**The input:**
────────────────────────────────────────
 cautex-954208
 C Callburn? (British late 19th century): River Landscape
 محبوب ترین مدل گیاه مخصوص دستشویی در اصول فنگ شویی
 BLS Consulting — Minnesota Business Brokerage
────────────────────────────────────────
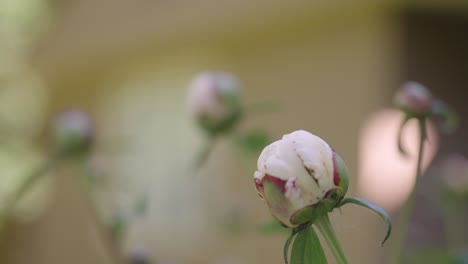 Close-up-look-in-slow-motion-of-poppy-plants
────────────────────────────────────────
**Your assignment:** Your task is to restate, word for word, only those lines above that fall between the line holding "C Callburn? (British" and the line holding "BLS Consulting —", inclusive.

**Task response:**
 C Callburn? (British late 19th century): River Landscape
 محبوب ترین مدل گیاه مخصوص دستشویی در اصول فنگ شویی
 BLS Consulting — Minnesota Business Brokerage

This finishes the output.